That element might be seen in two different ways, also suggested by Justice Kennedy’s opinion. One strand is evidentiary. Disparate impact itself, he says, “plays a role in uncovering discriminatory intent: It permits plaintiffs to counteract unconscious prejudices and disguised animus that escape easy classification.”[30] On this view, the additional search for valid reasons for what the defendants did could be seen as part of the same inquiry, with a valid reason serving to negate an inference of discriminatory intent. This, of course, would still be a judgmental standard, but not one directed simply to overall social welfare.

Returning to the question of covenants not to compete, it seems to me that the usual justifications would be adequate to meet this test. There are two primary reasons that employers (or their attorneys) give for using covenants not to compete: first, that their trade secrets really are at risk when employees go to work for competitors, but the common law protection for trade secrets will not by itself catch up with the potential harm; and second, that employers cannot adequately invest in training employees without some assurance that the training they pay for will not immediately be employed on behalf of their competitors. These are sensible propositions. To my mind, the claims of employees to their freedom, already stated, are more important. But if the question to be posed is, could employers enforce covenants not to compete for what they, and we, reasonably understand to be nondiscriminatory business reasons, it seems to me the answer is yes.

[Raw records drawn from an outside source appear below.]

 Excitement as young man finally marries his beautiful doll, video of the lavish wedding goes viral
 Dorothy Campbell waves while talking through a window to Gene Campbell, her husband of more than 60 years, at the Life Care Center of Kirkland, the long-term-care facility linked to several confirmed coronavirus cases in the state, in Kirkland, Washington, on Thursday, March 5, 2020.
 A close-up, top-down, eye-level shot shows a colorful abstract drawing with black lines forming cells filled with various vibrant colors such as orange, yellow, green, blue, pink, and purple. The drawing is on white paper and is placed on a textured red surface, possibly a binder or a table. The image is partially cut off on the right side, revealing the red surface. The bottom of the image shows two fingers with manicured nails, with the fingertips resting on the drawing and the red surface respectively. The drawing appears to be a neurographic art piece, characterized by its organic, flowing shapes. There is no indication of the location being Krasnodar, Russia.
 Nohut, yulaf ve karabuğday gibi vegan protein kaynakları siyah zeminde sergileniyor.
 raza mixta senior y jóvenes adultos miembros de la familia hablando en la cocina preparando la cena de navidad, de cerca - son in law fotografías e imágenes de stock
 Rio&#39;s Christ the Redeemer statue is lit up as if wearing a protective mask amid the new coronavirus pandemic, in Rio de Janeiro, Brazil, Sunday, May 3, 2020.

There is another possible reason for looking at the proffered justifications, also suggested, although perhaps not highlighted, by the Inclusive Communities opinion: that actions which are not otherwise discriminatory, but only unequal, become discriminatory because of the discriminatory quality of the social reality in which they come to happen. Before addressing the Fair Housing Act’s terms, Justice Kennedy spends considerable time on its historical background, including “both open and covert racial discrimination” that had “prevented black families from obtaining better housing and moving to integrated communities.”[31] Later, in describing the Act’s “central purpose,” it is these “discriminatory practices” that he seizes upon.[32] “These unlawful practices include zoning laws and other housing restrictions that function unfairly to exclude minorities from certain neighborhoods without any sufficient justification. Suits targeting such practices reside at the heartland of disparate-impact liability.”[33] On this view, the question posed to the excuse being proffered to justify disparate impact is whether it is part of a general system of discrimination or not.

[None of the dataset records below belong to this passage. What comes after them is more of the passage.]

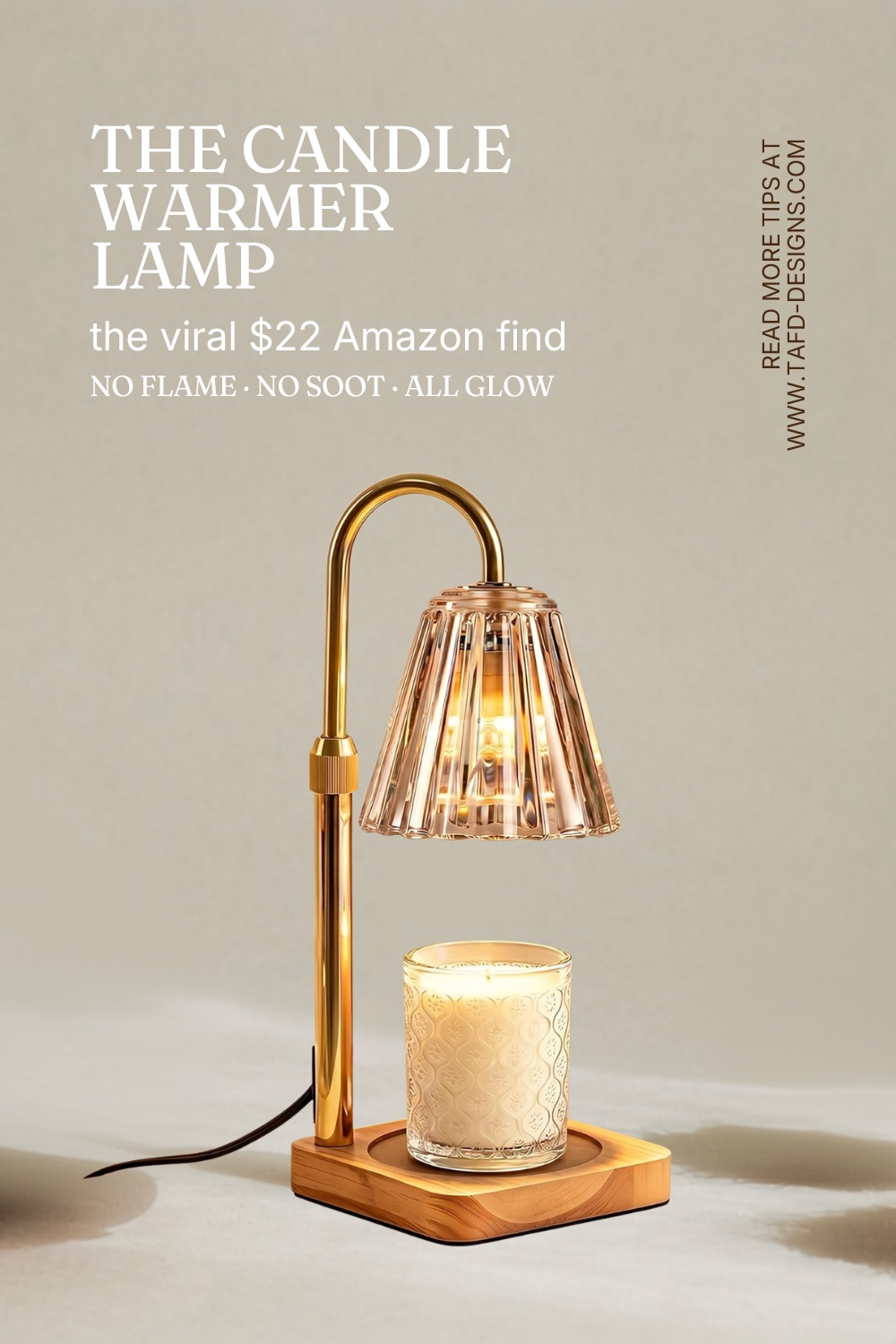 Brass candle warmer lamp glowing over a textured glass candle — the viral $22 Amazon find
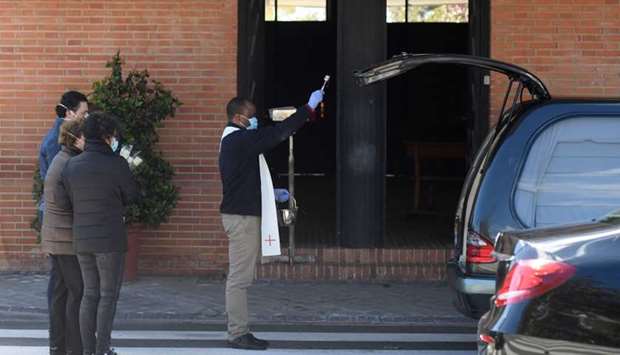 Roberto, a Congolese student priest, sprinkles holy water on the coffin of a Covid-19 coronavirus victim inside a hearse at a cemetery in Madrid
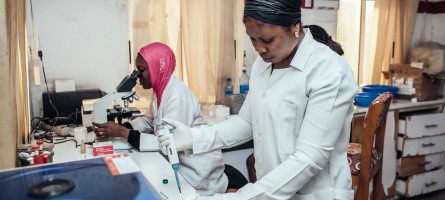 Two female lab technicians test sputum samples from presumptive TB patients in a networked laboratory in Kano state. 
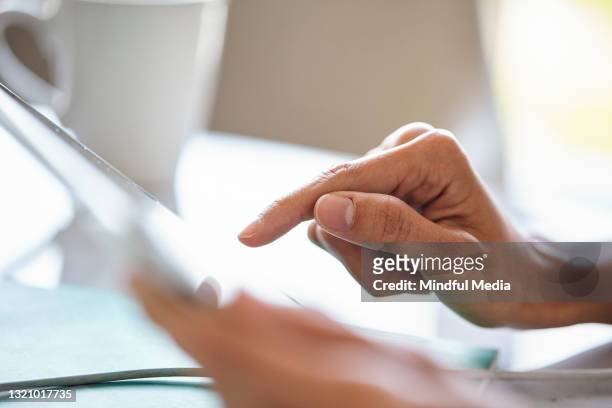 primer plano de la mano de una mujer adulta joven usando el dispositivo de pantalla táctil durante el día - easy solutions fotografías e imágenes de stock
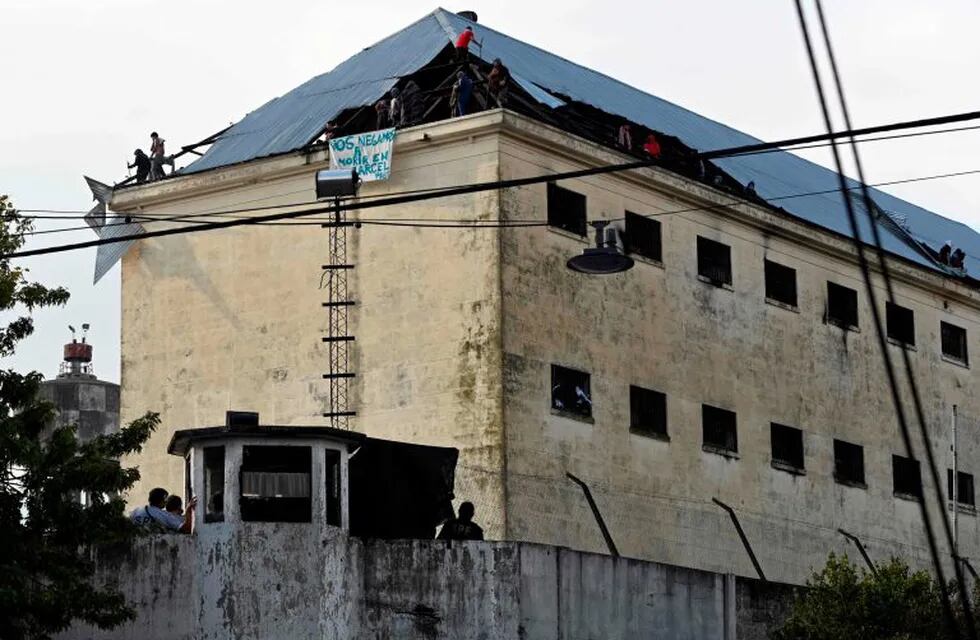 Inmates protest on the roof of Villa Devoto prison demanding measures to prevent the spread of the Covid-19 coronavirus, after a case was reported inside the detention center,  in Buenos Aires on April 24, 2020. (Photo by JUAN MABROMATA / AFP)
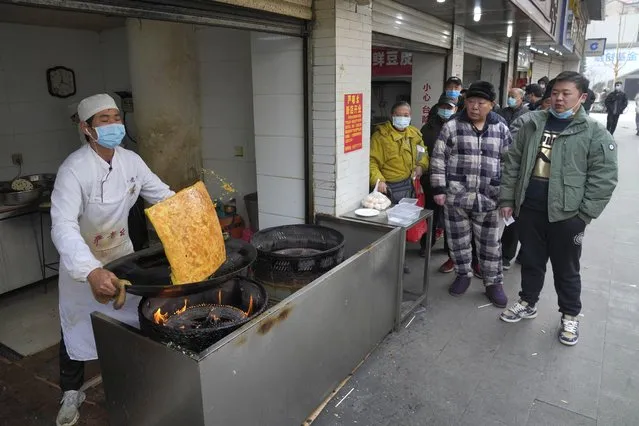 Residents wearing masks to help curb the spread of the coronavirus queue up at a popular food stall in Wuhan, China, Tuesday, January 26, 2021. The central Chinese city of Wuhan, where the coronavirus was first detected, has largely returned to normal but is on heightened alert against a resurgence as China battles outbreaks elsewhere in the country. (Photo by Ng Han Guan/AP Photo)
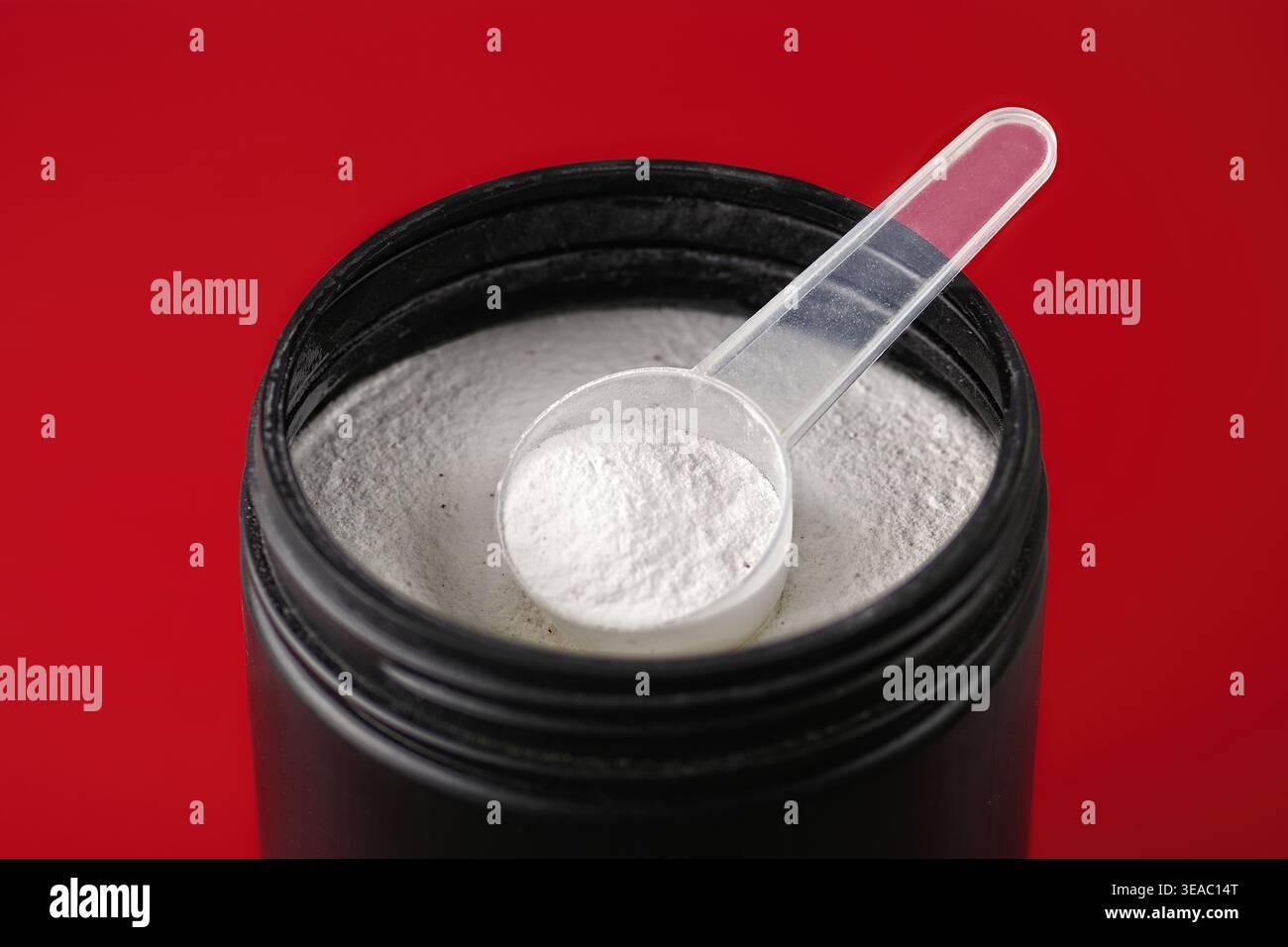 Spoon with creatine proteine in an opened can for sporty lifestyle. Elevated view isolated on red. Stock Photo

The connection between finding present discrimination and preexisting social practice is made even more strongly in the first disparate-impact-plus-chance-to-justify case, Griggs v. Duke Power Co., decided under Title VII of the Civil Rights Act of 1964.[34] There, the employer made applicants for employment meet educational and standardized-test requirements for jobs as to which the requirements had no shown job relationship; these requirements had a disparate impact to the disadvantage of black applicants, but, although the employer had in the past been overtly discriminatory by race, there was no showing of a discriminatory purpose in the adoption of these new policies. The Court held that these not job-related requirements could not be used. “Under the Act, practices, procedures, or tests neutral on their face, and even neutral in terms of intent, cannot be maintained if they operate to ‘freeze’ the status quo of prior discriminatory employment practices.”[35] While this language might be thought to be conditioned by the fact that this very employer also continued to promote those it had already hired, in its overtly discriminatory past, to positions for which the educational attainment for new hires had since been increased, the opinion of the Court clearly went further. For the Court proceeded to treat as relevant the impact, on preparedness for the tests, of the fact that black applicants (in North Carolina as of the 1960s) had gone to school in inferior, segregated school systems, ultimately concluding that “[t]he Act proscribes not only overt discrimination but also practices that are fair in form, but discriminatory in operation.”[36]

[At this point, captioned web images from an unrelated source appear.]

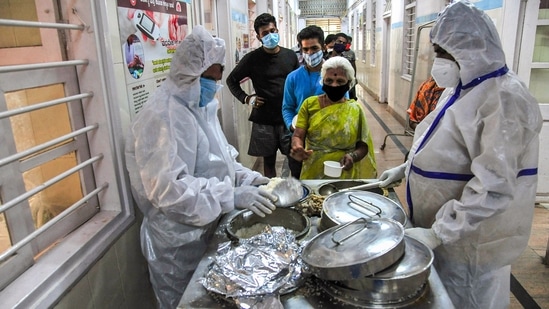 Health workers serve food to Covid-19 patients, during the second wave of the coronavirus pandemic in Bengaluru, Friday, April 30, 2021. (PTI) Health workers serve food to Covid-19 patients, during the second wave of the coronavirus pandemic in Bengaluru, Friday, April 30, 2021. (PTI)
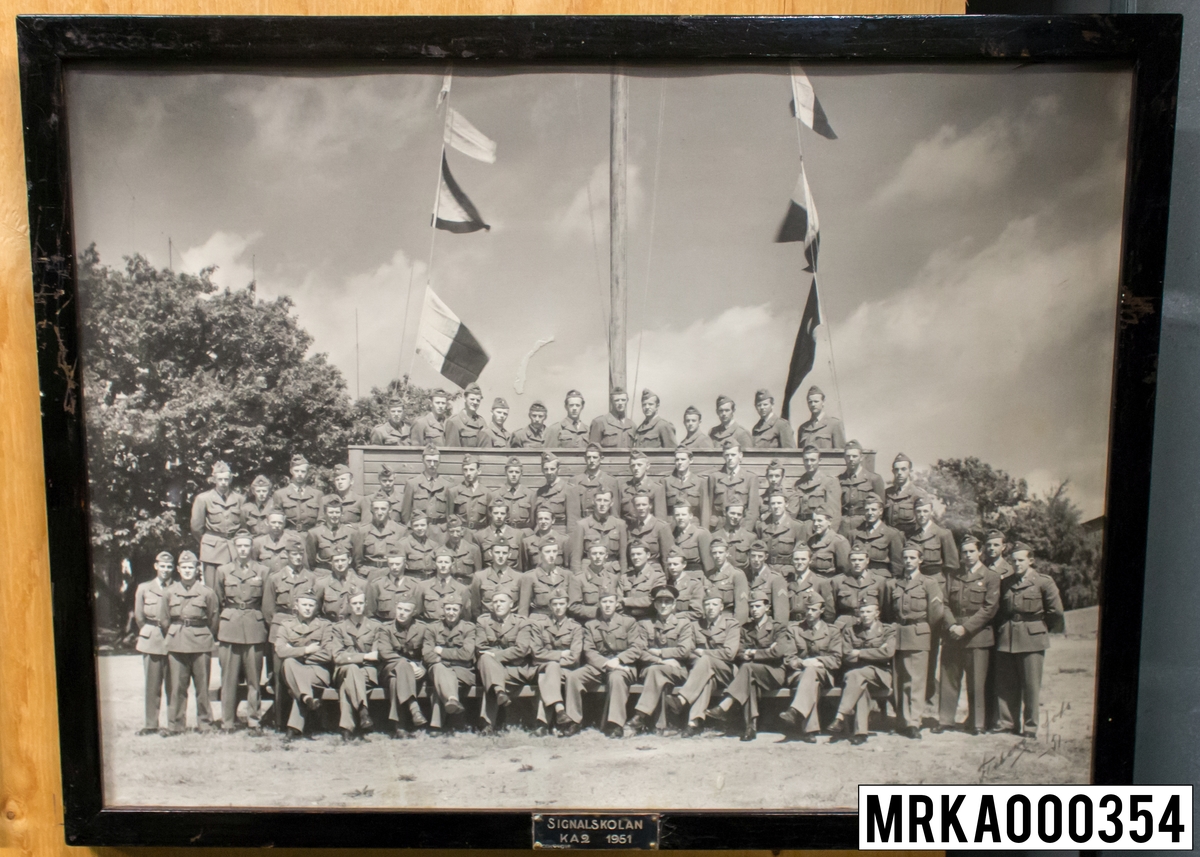 Fotografi taget på befäl och soldater som genomfört grundläggande soldatutbildning på 1:a Batteriet KA 2.
Fotografiet taget utanför gymnastiksalen Gräsvik KA 2.
Flobergs Foto 1951.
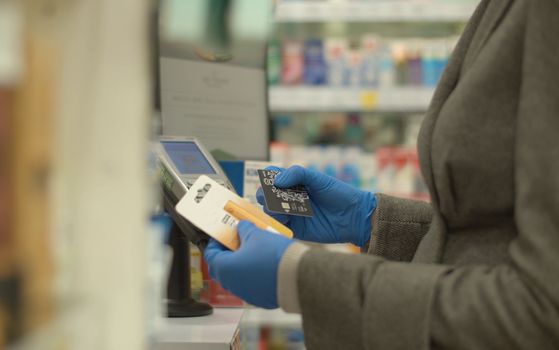 NFC technology credit card payment. Female hand in protective gloves paying with contactless credit card. Coronavirus epidemic in the city.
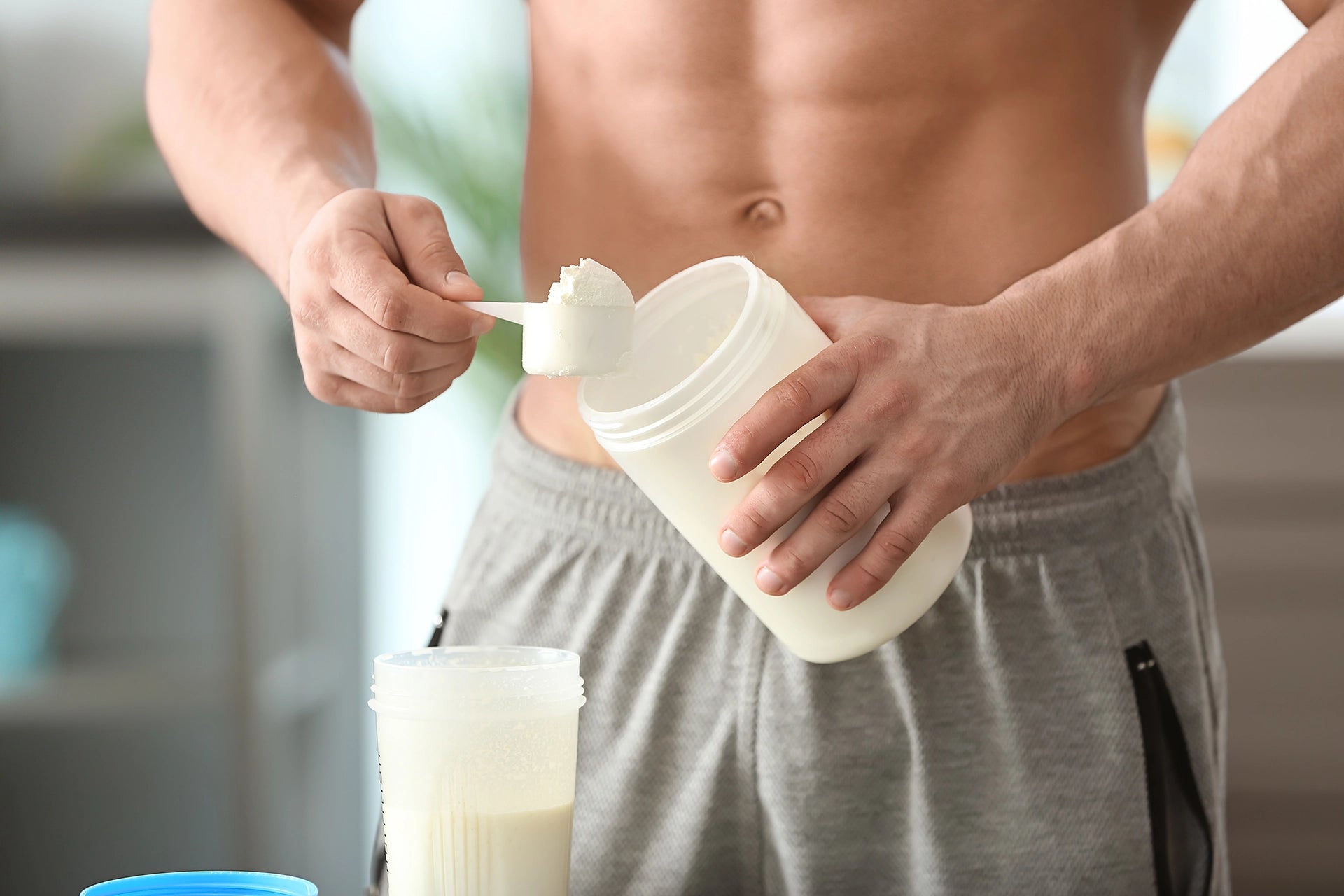 Sporty Guy Making a Protein Shake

Considered in terms of carrying out a statutory mandate, cases like Griggs and Inclusive Communities have much to recommend them. It seems natural to assume that Congress passes legislation in light of existing circumstances in order to cure an existing evil. When it selects a particular kind of existing inequality to outlaw, and connects it to particular groups that it thinks needs that protection, it is reasonable to assume that it is making just the kind of connection between a pattern of past subordination and present practices that we have been discussing. But, absent that reliance on Congress as a sociological fact-finder, relevant to the construction of a particular statutory text, how would we justify making the connection?

VI. Context as a General Approach

The carryover from social context to a determination of discrimination is easy to see when an otherwise neutral action is superimposed on a reality that was created by the discriminatory acts of the very same actor—when, for example, an otherwise unexceptional seniority system is superimposed on a set of employees for whom opportunities to gain that very seniority in desirable positions were previously assigned by gender or race. Can this argument legitimately be extended to more general, although discriminatory, prior social conditions, such as the inferior schooling relied upon in Griggs? A very good recent piece by Deborah Hellman of the University of Virginia Law School, “Indirect Discrimination and the Duty to Avoid Compounding Injustice,” says yes.[37] Hellman argues that there is a general duty to avoid compounding the injustice that someone else has already suffered.[38] Hellman gives as an example of such compounding, an insurance company that decides to raise a woman’s life insurance rates because she has been a victim of domestic abuse. Assuming that the company would ordinarily be allowed to set its own rates, and assuming that data show that battered women are likely to die at a younger age, Hellman argues that it is still wrong for the company to do this.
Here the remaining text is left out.